Hitchcock’s scheme has returned here, of the wrong man being accused of a murder, simply someone being in the wrong place at the wrong time. I am sure many can argue that Hitchcock makes the same films repeatedly, but he merely follows the scheme and always brings new things to the screen. If you compare this to one of his earlier films like “The Lodger” were this scheme begins you will see tremendous difference. In addition, even if you compare it to “Stage Fright” in 1950. This scheme is excellent and Hitchcock can truly always pull it off.
Once more Hitchcock has made excellent use of the camera. In one shot, we have the real murderer walking up the stairs with a woman to her apartment. They enter the room as the murderer says, “you are my kind of woman”, phrase you will be familiar of previously in the film. Everything goes silent and the camera tracks backwards down the stairs and in to the street, a shot that looks almost impossible because of how smooth it is. That is among many of the beautifully done shots in this film.
The deliverance from the actors was very exuberant and energetic. Foster’s role was terrifically done and I could not describe anything about it, as it would spoil it for you. Finch, who played Richard Blaney, was also very good in his role, from his actions to his movements. As for the female cast, two of which are best to mention are Brenda Blaney played by Leigh-Hunt, his ex-wife and Barbara played by Massey. Both roles were well casted making them two great characters.
One thing I commend this film of is its use of dark comedy, or comedy noir if you will. It gives the darkest of humour to the blackest character in the story, and executes it extremely well. I could not tell you of the comedic scenes as that would spoil it, but it is something you have to see to get the impact of it.
The location, which the film is set, is also wonderful because it captures some of London’s features beautifully such as the Covent Garden and the famous Thames River. Many of the scenes shots were filmed at Pinewood studios but several of the exterior shots were done in London.

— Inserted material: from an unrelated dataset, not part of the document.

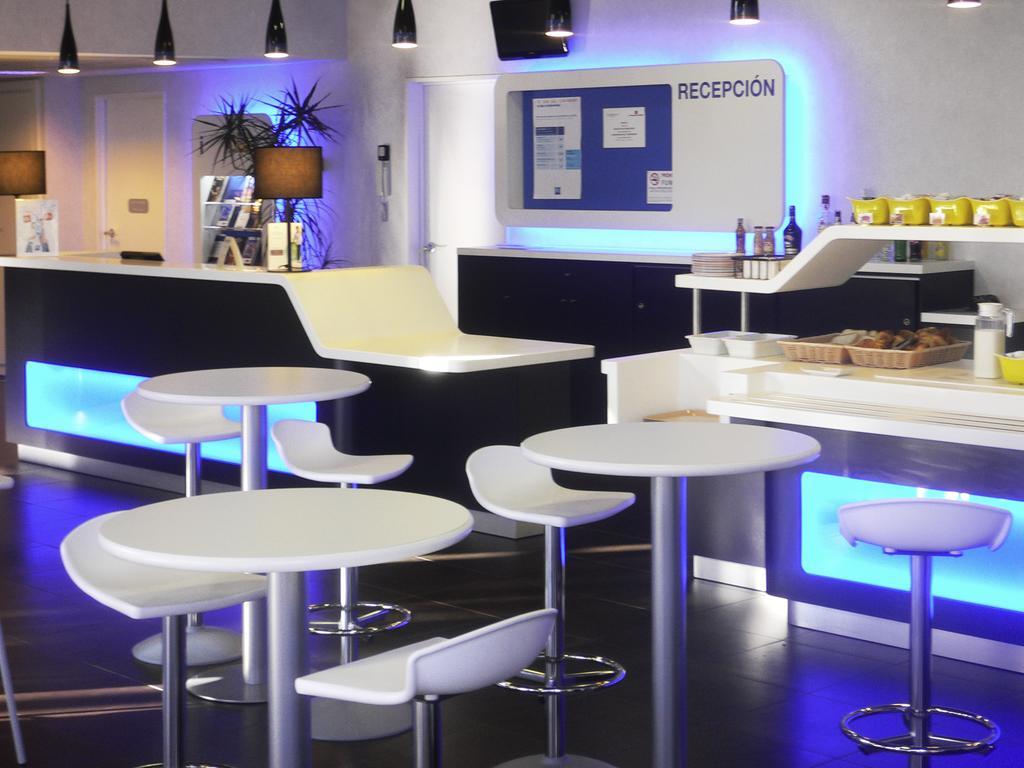 Ibis Budget Madrid Alcala De Henares La Dehesa Ngoại thất bức ảnh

Just before this film, he had three unsuccessful films at the box office being, “Marnie”, “Topaz” and “Torn Curtain”. He redeemed himself with Frenzy, however, which marked his return not only to England for the first time in 20 years but also to the subject matter with which he'd started his career in thrillers back in 1926 -- murder, and a hunt for a serial killer in London. This film has a horrifically memorable moment that will certainly surprise you, which I will keep nameless. “Frenzy” is another Hitchcock classic that has a great edgy quality to it with its blend of thrills, suspense, dark humour and the ultimate Hitchcock touch.